* [Problem details]
Where in the data below does the word "Cotton" appear? Copy each line that holds it.

* [Material provided]
————————

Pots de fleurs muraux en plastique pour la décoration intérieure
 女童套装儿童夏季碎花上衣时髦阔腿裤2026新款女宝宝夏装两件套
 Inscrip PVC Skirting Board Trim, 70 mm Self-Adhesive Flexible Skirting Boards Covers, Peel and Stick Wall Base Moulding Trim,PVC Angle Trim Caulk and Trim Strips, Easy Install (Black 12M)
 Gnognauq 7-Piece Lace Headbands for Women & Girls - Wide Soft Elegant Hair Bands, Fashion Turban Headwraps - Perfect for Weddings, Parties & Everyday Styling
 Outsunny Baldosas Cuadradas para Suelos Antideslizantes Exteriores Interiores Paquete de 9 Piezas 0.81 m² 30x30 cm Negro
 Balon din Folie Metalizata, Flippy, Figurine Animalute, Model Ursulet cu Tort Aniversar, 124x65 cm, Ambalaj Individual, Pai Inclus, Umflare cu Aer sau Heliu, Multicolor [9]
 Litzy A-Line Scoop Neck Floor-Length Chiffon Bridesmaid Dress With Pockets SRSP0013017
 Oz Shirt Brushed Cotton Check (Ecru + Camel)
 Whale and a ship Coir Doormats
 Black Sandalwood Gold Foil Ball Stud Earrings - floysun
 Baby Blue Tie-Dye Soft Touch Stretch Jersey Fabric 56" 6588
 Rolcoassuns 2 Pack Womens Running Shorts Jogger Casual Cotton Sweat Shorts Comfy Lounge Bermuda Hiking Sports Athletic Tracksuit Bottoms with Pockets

————————

* [Your response]
 Oz Shirt Brushed Cotton Check (Ecru + Camel)
 Rolcoassuns 2 Pack Womens Running Shorts Jogger Casual Cotton Sweat Shorts Comfy Lounge Bermuda Hiking Sports Athletic Tracksuit Bottoms with Pockets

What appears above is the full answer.